◆ **Your assignment**:
Nothing but the lines from the one containing "DFB director Oliver" through the last line of the records below should be copied, exactly and without pictures.

◆ **Information**:
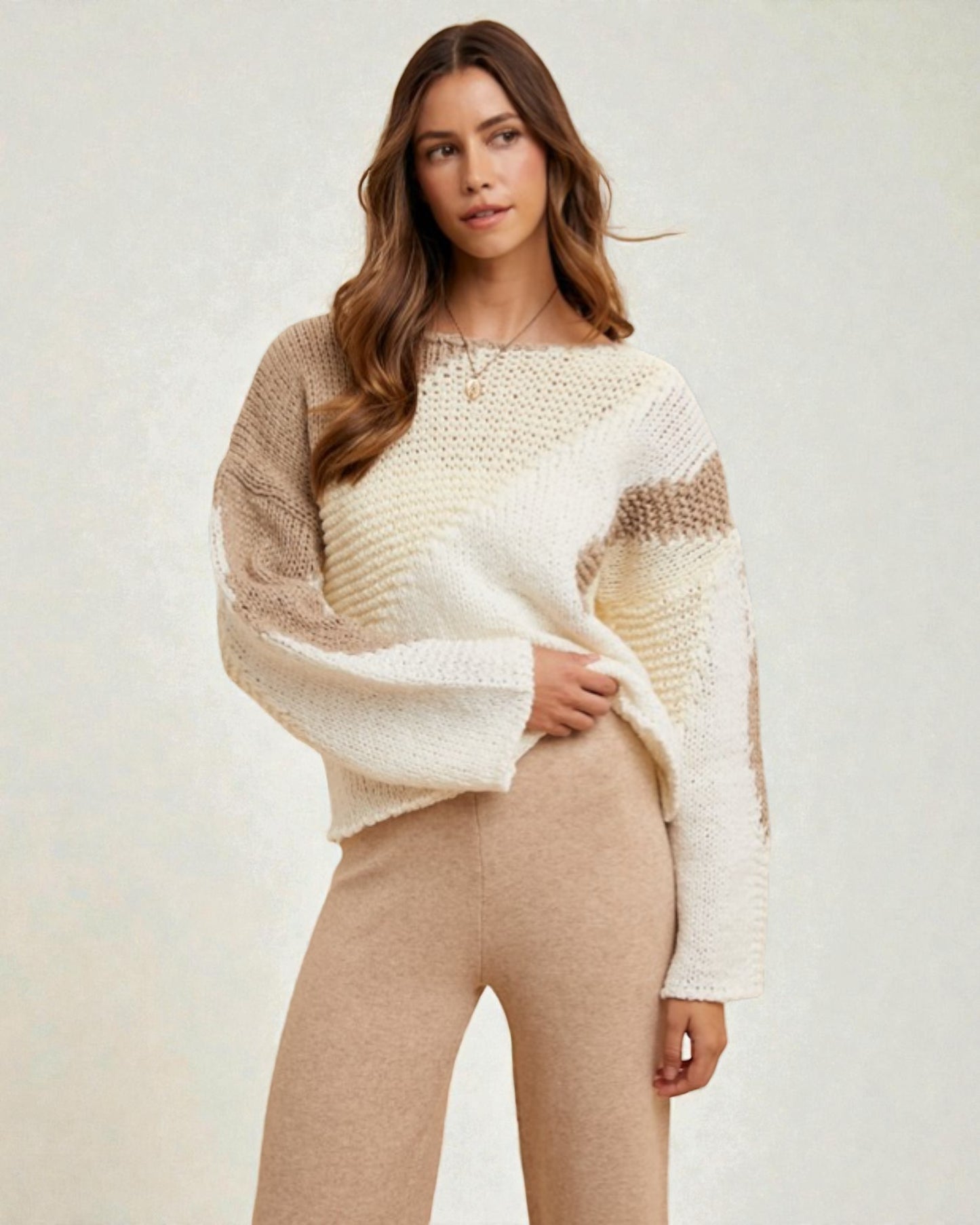 Woman wearing a beige and white sweater with beige pants on a plain background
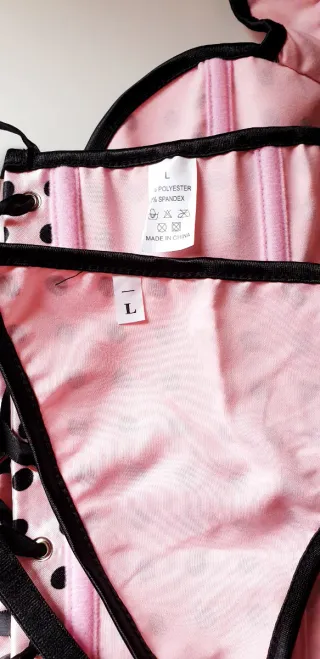 CORPIÑO ROSA CON TOPOS BLANCOS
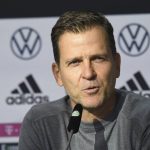 
              DFB director Oliver Bierhoff talks to the media at a press conference wearing mouth-nose protection in Wolfsburg, Germany, prior the World Cup qualifying match against Liechtenstein, Tuesday, Nov. 9, 2021. There is said to be a positive Corona case in the national football team circle. National coach Hansi Flick cancelled the planned training in the morning at the stadium in Wolfsburg. Five players have to be quarantined in Wolfsburg. (Swen Pfoertner/dpa via AP)
            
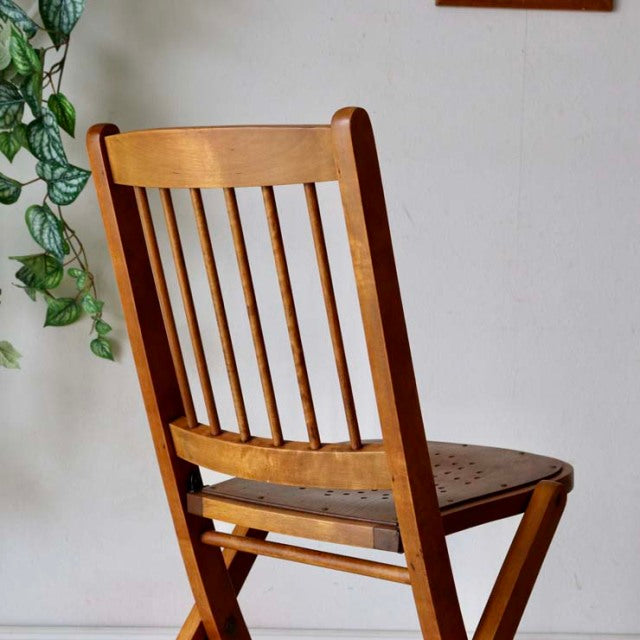 Vintage British mid-century teak folding chair with slatted backrest and sturdy legs, showcasing natural wood grain.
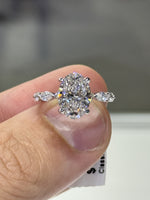 3.10 Carat Oval in Marquise & Round Ring Design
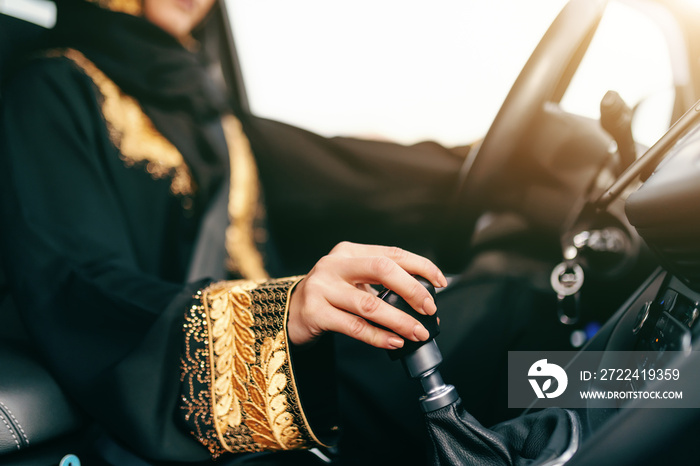 Close up of muslim woman holding hand on gearshift while driving car. Selective focus on hand.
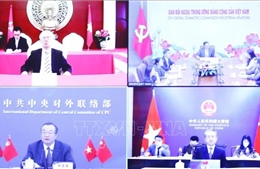 Đồng chí Lê Hoài Trung hội đàm với Trưởng Ban Liên lạc đối ngoại Trung ương Trung Quốc
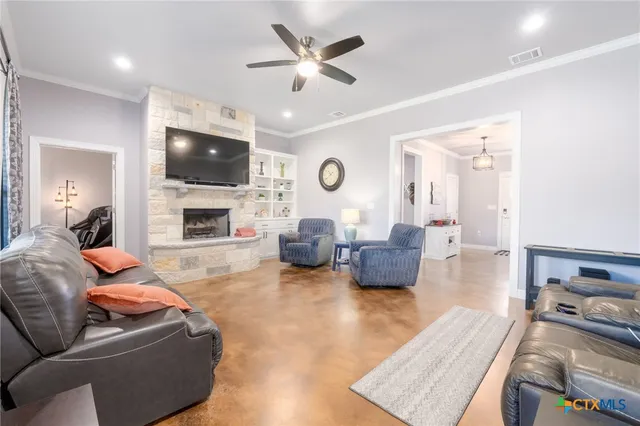 a living room with furniture flat screen tv and a fireplace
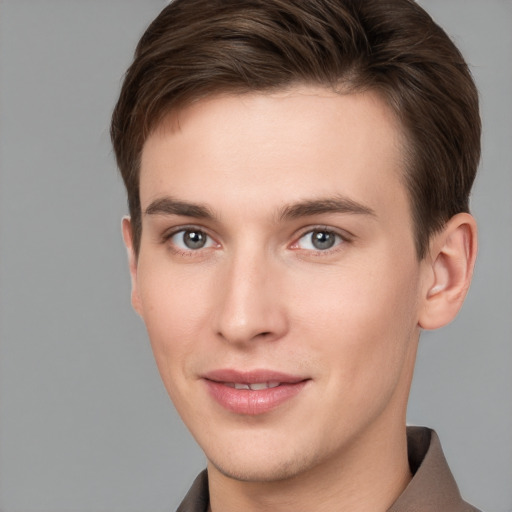 Joyful white young-adult male with short  brown hair and grey eyes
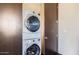 Stackable washer and dryer in this laundry closet at 27432 N 66Th Way, Scottsdale, AZ 85266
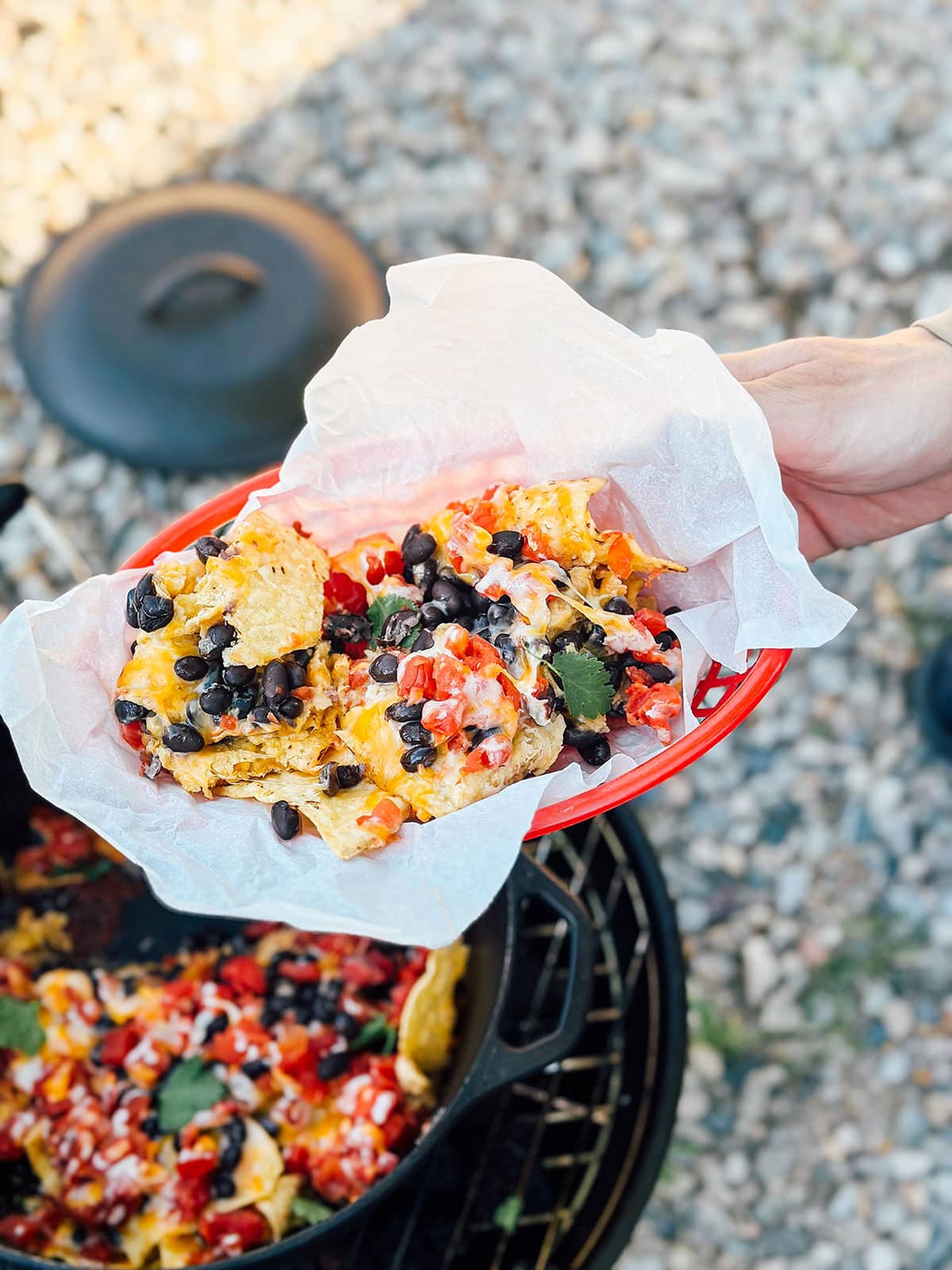 Hand holding plate of campfire nachos.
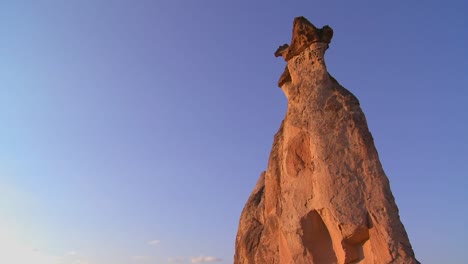 Bizarre-geological-formations-looks-like-a-cowboy-wearing-a-hat-at-Cappadocia-Turkey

◆ **Answer to this problem**:
              DFB director Oliver Bierhoff talks to the media at a press conference wearing mouth-nose protection in Wolfsburg, Germany, prior the World Cup qualifying match against Liechtenstein, Tuesday, Nov. 9, 2021. There is said to be a positive Corona case in the national football team circle. National coach Hansi Flick cancelled the planned training in the morning at the stadium in Wolfsburg. Five players have to be quarantined in Wolfsburg. (Swen Pfoertner/dpa via AP)
            
 Vintage British mid-century teak folding chair with slatted backrest and sturdy legs, showcasing natural wood grain.
 3.10 Carat Oval in Marquise & Round Ring Design
 Close up of muslim woman holding hand on gearshift while driving car. Selective focus on hand.
 Đồng chí Lê Hoài Trung hội đàm với Trưởng Ban Liên lạc đối ngoại Trung ương Trung Quốc
 a living room with furniture flat screen tv and a fireplace
 Joyful white young-adult male with short  brown hair and grey eyes
 Stackable washer and dryer in this laundry closet at 27432 N 66Th Way, Scottsdale, AZ 85266
 Hand holding plate of campfire nachos.
 Bizarre-geological-formations-looks-like-a-cowboy-wearing-a-hat-at-Cappadocia-Turkey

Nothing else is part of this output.